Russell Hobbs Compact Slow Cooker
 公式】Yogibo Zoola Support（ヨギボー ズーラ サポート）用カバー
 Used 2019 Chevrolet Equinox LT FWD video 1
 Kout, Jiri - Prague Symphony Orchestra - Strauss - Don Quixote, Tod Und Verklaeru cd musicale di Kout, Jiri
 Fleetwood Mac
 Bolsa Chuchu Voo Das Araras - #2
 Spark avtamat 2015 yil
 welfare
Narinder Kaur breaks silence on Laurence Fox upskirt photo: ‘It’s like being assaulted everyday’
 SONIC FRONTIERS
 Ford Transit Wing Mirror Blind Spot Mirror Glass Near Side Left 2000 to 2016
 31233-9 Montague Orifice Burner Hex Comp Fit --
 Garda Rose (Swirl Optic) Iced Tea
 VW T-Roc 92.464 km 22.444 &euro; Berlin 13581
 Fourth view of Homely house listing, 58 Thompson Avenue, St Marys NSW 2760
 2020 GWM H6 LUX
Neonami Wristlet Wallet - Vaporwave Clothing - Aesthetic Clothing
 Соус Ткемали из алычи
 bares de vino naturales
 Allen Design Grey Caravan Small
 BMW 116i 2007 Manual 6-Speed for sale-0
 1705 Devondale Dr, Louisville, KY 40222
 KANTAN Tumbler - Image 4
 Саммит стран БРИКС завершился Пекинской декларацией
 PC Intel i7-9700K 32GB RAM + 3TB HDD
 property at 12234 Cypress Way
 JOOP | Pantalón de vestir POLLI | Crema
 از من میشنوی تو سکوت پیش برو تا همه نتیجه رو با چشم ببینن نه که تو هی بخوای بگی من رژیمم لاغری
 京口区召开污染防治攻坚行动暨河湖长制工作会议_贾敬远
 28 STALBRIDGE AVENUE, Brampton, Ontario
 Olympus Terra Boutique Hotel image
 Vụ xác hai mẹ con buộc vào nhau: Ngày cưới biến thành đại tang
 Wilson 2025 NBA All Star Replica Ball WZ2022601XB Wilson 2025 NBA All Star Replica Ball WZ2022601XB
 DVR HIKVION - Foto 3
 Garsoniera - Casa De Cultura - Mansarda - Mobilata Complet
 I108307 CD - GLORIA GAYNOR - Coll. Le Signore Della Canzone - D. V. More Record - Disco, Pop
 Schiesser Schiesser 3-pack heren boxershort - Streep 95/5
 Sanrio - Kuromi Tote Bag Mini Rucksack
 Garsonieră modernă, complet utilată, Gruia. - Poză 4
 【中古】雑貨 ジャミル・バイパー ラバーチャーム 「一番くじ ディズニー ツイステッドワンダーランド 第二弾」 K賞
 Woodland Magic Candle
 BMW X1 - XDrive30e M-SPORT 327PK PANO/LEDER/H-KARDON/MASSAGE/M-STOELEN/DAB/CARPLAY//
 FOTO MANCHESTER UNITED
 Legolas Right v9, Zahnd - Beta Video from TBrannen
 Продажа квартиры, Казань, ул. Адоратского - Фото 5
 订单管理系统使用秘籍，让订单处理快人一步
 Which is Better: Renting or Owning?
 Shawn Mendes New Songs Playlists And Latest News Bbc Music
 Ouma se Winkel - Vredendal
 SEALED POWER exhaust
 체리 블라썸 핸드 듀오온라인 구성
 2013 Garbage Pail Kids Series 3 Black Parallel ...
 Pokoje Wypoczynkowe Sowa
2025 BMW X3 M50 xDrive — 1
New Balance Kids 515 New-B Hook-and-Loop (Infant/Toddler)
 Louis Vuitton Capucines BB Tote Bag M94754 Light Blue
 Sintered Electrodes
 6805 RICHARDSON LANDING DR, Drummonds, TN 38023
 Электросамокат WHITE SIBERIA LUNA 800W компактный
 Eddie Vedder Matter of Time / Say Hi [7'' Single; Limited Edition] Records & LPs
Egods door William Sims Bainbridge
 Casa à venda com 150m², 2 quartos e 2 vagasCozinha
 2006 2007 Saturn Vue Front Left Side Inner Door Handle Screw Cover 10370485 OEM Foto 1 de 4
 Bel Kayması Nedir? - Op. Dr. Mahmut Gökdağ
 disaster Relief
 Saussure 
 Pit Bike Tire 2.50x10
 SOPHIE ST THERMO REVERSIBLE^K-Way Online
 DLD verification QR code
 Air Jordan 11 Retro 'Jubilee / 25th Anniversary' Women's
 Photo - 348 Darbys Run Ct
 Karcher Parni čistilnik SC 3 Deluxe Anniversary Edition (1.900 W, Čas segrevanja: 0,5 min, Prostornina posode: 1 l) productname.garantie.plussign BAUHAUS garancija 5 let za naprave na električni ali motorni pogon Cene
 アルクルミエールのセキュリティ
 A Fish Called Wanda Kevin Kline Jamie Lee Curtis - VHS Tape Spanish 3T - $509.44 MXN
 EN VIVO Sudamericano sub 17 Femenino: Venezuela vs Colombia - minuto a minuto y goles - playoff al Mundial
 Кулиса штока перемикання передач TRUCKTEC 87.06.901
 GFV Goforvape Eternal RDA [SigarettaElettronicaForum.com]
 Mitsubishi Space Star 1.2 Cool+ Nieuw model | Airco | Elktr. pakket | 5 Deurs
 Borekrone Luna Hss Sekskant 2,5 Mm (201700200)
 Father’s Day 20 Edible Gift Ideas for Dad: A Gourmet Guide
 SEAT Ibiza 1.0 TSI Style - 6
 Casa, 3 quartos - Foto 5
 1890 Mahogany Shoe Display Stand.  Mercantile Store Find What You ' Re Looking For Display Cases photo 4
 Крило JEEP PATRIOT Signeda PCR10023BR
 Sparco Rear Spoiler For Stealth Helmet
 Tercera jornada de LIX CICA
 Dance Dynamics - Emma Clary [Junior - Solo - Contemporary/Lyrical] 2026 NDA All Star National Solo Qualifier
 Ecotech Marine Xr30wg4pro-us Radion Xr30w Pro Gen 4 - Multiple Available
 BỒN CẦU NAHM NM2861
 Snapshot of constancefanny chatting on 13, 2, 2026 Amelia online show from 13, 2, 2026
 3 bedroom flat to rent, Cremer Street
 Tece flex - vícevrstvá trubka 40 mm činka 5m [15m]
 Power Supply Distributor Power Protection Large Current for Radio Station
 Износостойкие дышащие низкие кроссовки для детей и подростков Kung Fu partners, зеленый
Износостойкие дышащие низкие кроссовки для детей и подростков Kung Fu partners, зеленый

┄┄┄┄┄┄┄┄┄┄┄┄┄┄┄┄┄┄┄┄

## Problem to work on
Whatever else the listing above holds, retype exactly only the lines from the one containing "SONIC FRONTIERS" to the one containing "JOOP | Pantalón de vestir POLLI | Crema", both ends kept.

## Solution for this exercise
 SONIC FRONTIERS
 Ford Transit Wing Mirror Blind Spot Mirror Glass Near Side Left 2000 to 2016
 31233-9 Montague Orifice Burner Hex Comp Fit --
 Garda Rose (Swirl Optic) Iced Tea
 VW T-Roc 92.464 km 22.444 &euro; Berlin 13581
 Fourth view of Homely house listing, 58 Thompson Avenue, St Marys NSW 2760
 2020 GWM H6 LUX
Neonami Wristlet Wallet - Vaporwave Clothing - Aesthetic Clothing
 Соус Ткемали из алычи
 bares de vino naturales
 Allen Design Grey Caravan Small
 BMW 116i 2007 Manual 6-Speed for sale-0
 1705 Devondale Dr, Louisville, KY 40222
 KANTAN Tumbler - Image 4
 Саммит стран БРИКС завершился Пекинской декларацией
 PC Intel i7-9700K 32GB RAM + 3TB HDD
 property at 12234 Cypress Way
 JOOP | Pantalón de vestir POLLI | Crema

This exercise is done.